[Records excerpted from a collection]
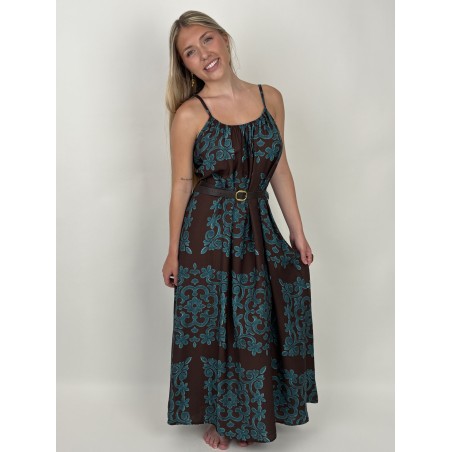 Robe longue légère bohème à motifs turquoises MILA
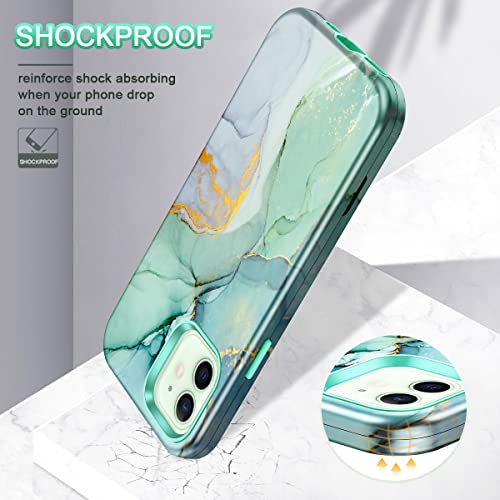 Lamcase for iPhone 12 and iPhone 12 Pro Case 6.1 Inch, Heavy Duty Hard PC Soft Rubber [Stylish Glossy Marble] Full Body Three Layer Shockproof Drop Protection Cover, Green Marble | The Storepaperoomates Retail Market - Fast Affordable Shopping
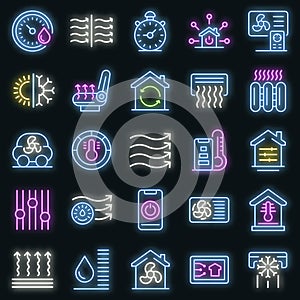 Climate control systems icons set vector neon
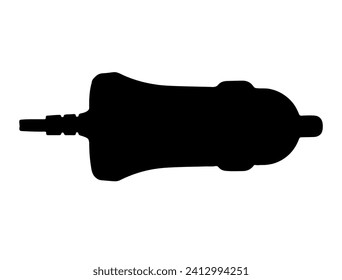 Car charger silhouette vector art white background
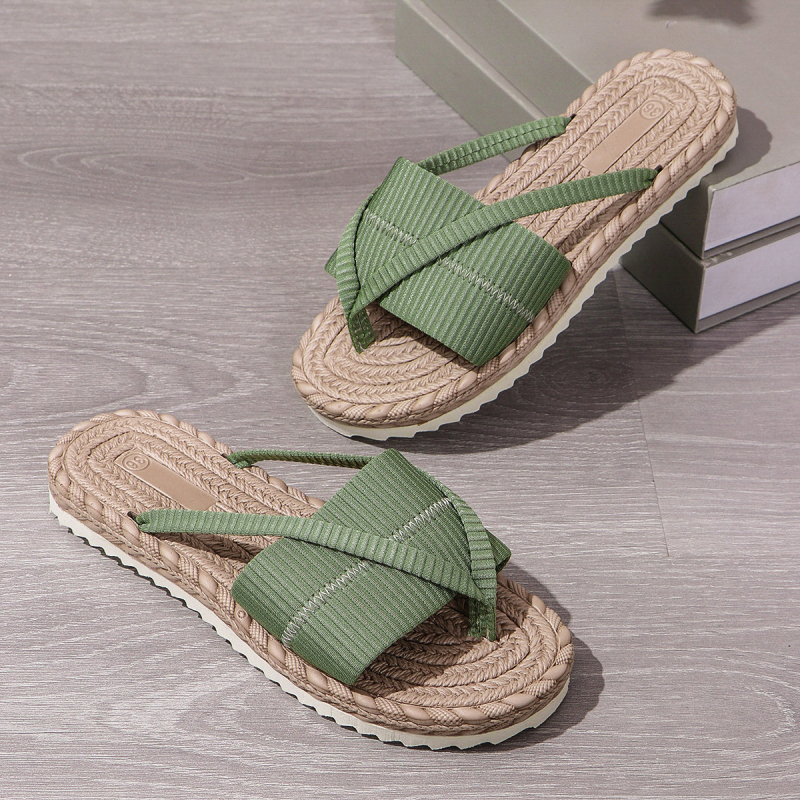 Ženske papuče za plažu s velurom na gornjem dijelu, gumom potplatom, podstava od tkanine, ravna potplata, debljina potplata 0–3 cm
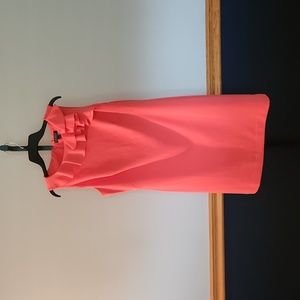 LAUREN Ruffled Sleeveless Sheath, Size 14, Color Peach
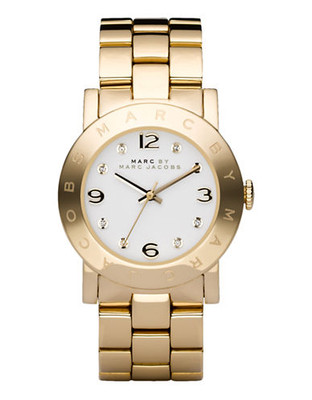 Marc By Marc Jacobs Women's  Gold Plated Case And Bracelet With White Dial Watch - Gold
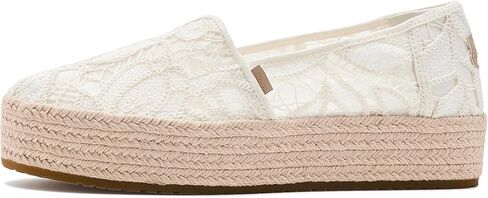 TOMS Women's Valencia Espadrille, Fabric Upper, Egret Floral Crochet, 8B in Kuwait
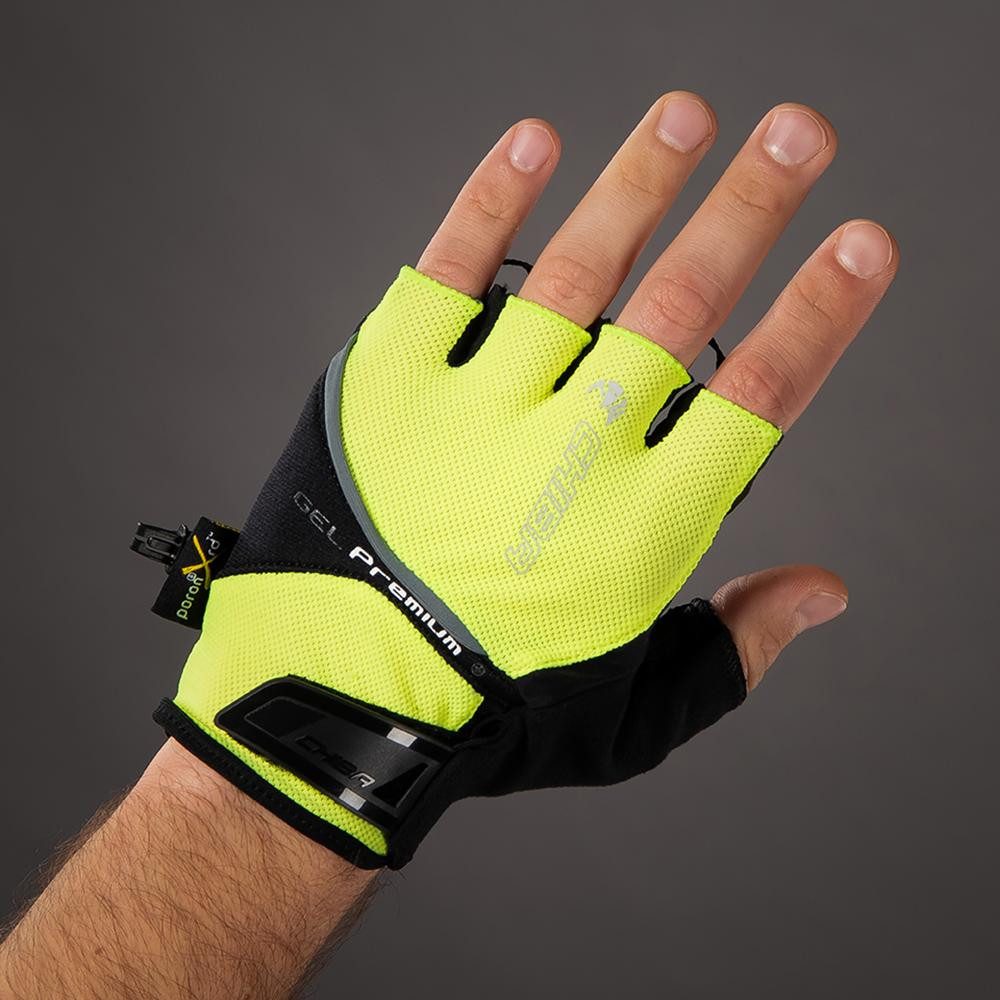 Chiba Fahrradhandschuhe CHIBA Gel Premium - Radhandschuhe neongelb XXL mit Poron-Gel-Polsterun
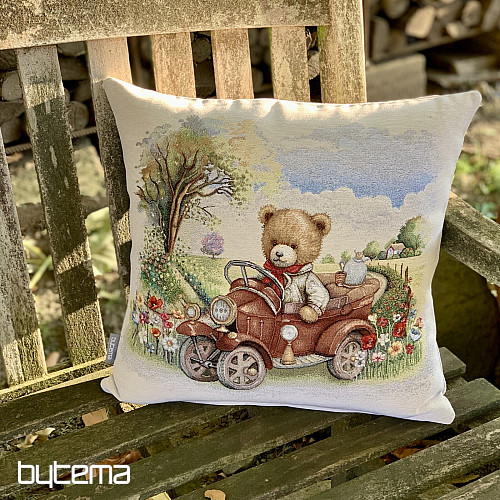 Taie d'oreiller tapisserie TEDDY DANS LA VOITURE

__YOUR OBJECTIVE__: The reply needs to repeat exactly the line containing "Marc By Marc" and each line after it, through the final line of the entries above, and to skip the pictures.

__YOUR RESPONSE__:
 Marc By Marc Jacobs Women's  Gold Plated Case And Bracelet With White Dial Watch - Gold
 TOMS Women's Valencia Espadrille, Fabric Upper, Egret Floral Crochet, 8B in Kuwait
 Chiba Fahrradhandschuhe CHIBA Gel Premium - Radhandschuhe neongelb XXL mit Poron-Gel-Polsterun
 Taie d'oreiller tapisserie TEDDY DANS LA VOITURE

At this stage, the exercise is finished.